简体   繁体   English

Java 中是否有一种简单的方法可以使用自定义等于 function 来获取两个 collections 之间的差异而不覆盖等于?

[英]Is there a simple way in Java to get the difference between two collections using a custom equals function without overriding the equals?

I'm open to use a lib.我愿意使用一个库。 I just want something simple to diff two collections on a different criteria than the normal equals function.我只是想要一些简单的东西来区分两个 collections,而不是正常的标准等于 function。
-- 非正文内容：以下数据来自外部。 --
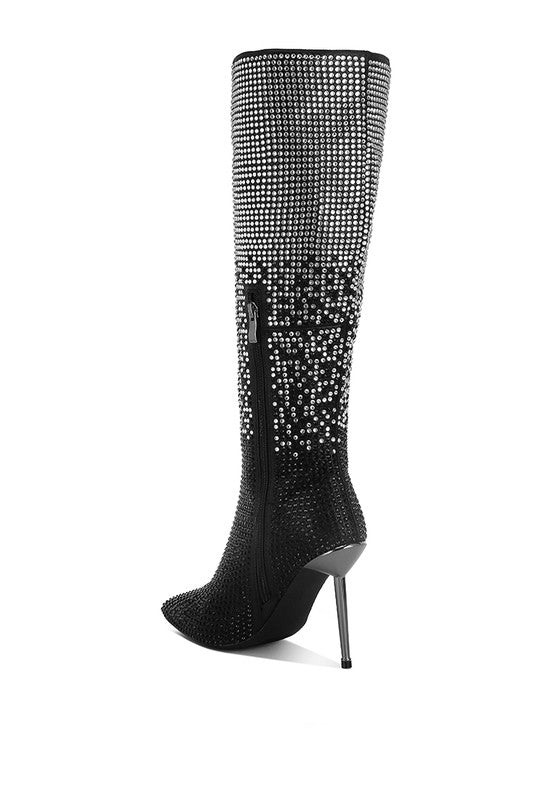 Orymple Shiny Rhinestone Studded Calf Boots - Tigbul's Variety Fashion Shop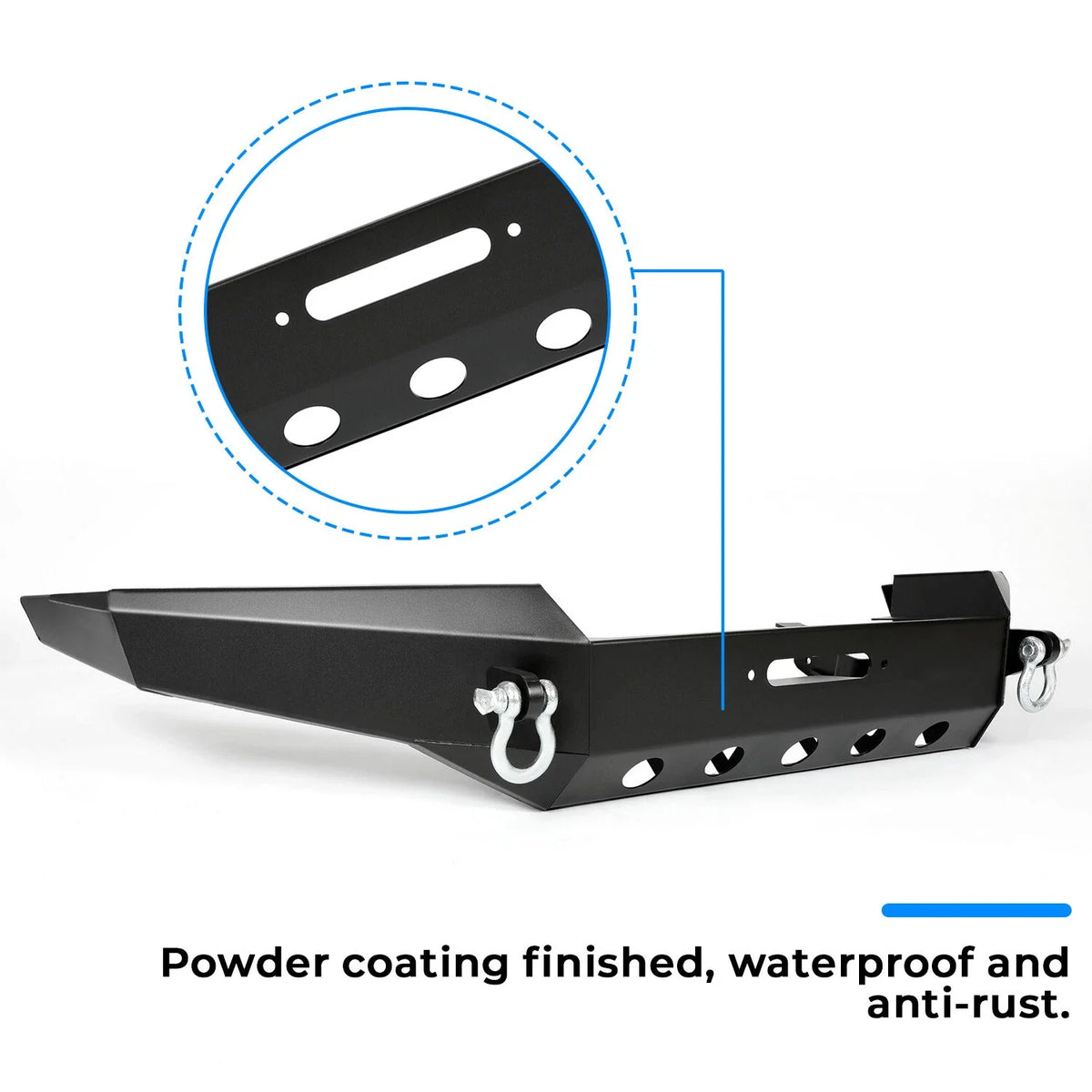 Steel Black Front Bumper with D-Rings for Jeep Grand Cherokee WJ (1999–2004)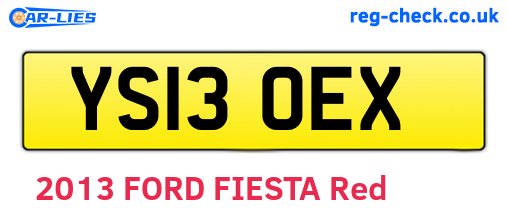 YS13OEX are the vehicle registration plates.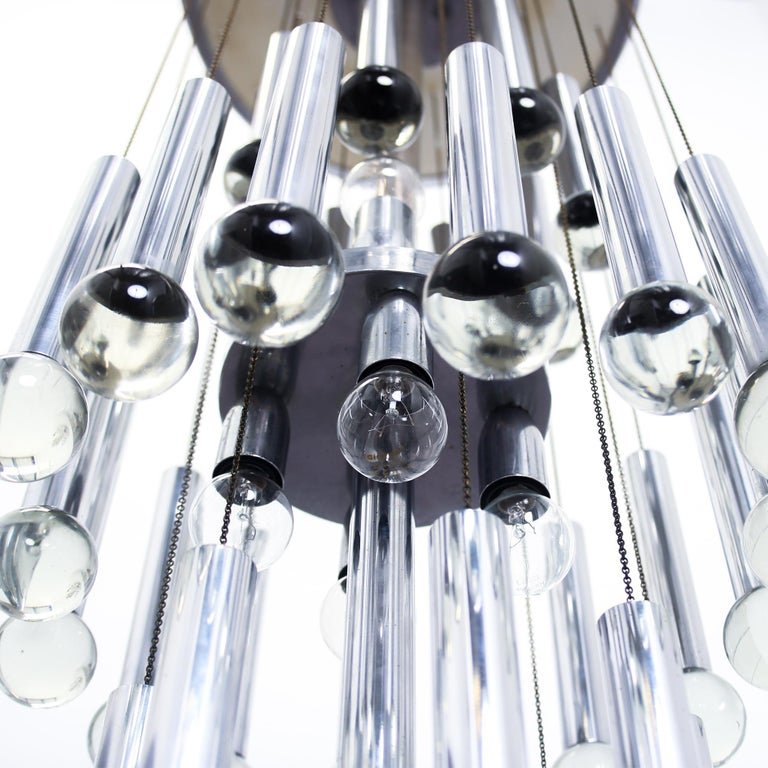 Chrome and Glass Chandelier By Gaetano Sciolari, 1970s - Lumini Collections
Right now I use something like:现在我使用类似的东西:

collection1.stream()
           .filter(element -> !collection2.stream()
                                          .anyMatch(element2 -> element2.equalsWithoutSomeField(element)))
           .collect(Collectors.toSet());

and I would like something like:我想要类似的东西:

Collections.diff(collection1, collection2, Foo::equalsWithoutSomeField);

(edit) More context: (编辑)更多背景:

Should of mentioned that I'm looking for something that exists already and not to code it myself.应该提到我正在寻找已经存在的东西,而不是自己编写代码。 I might code a small utils from your ideas if nothing exists.如果什么都不存在,我可能会根据您的想法编写一个小实用程序。

Also, Real duplicates aren't possible in my case: the collections are Sets.此外,在我的情况下,不可能有真正的重复:collections 是集合。 However, duplicates according to the custom equals are possible and should not be removed by this operation.但是,根据自定义等号重复是可能的,不应通过此操作删除。 It seems to be a limitation in a lot of possible solutions.在许多可能的解决方案中,这似乎是一个限制。

We use similar methods in our project to shorten repetitive collection filtering. 我们在项目中使用类似的方法来缩短重复的集合过滤。 We started with some basic building blocks: 我们从一些基本构建块开始:

static <T> boolean anyMatch(Collection<T> set, Predicate<T> match) {
    for (T object : set)
        if (match.test(object))
            return true;
    return false;
}

Based on this, we can easily implement methods like noneMatch and more complicated ones like isSubset or your diff : 基于此,我们可以轻松实现像noneMatch这样的方法和更复杂的方法,如isSubset或你的diff

static <E> Collection<E> disjunctiveUnion(Collection<E> c1, Collection<E> c2, BiPredicate<E, E> match)
{
    ArrayList<E> diff = new ArrayList<>();
    diff.addAll(c1);
    diff.addAll(c2);
    diff.removeIf(e -> anyMatch(c1, e1 -> match.test(e, e1)) 
                       && anyMatch(c2, e2 -> match.test(e, e2)));
    return diff;
}

Note that there are for sure some possibilities for perfomance tuning. 请注意,性能调整肯定有一些可能性。 But keeping it separated into small methods help understanding and using them with ease. 但是将它分成小方法有助于理解和轻松地使用它们。 Used in code they read quite nice. 在代码中使用,他们阅读相当不错。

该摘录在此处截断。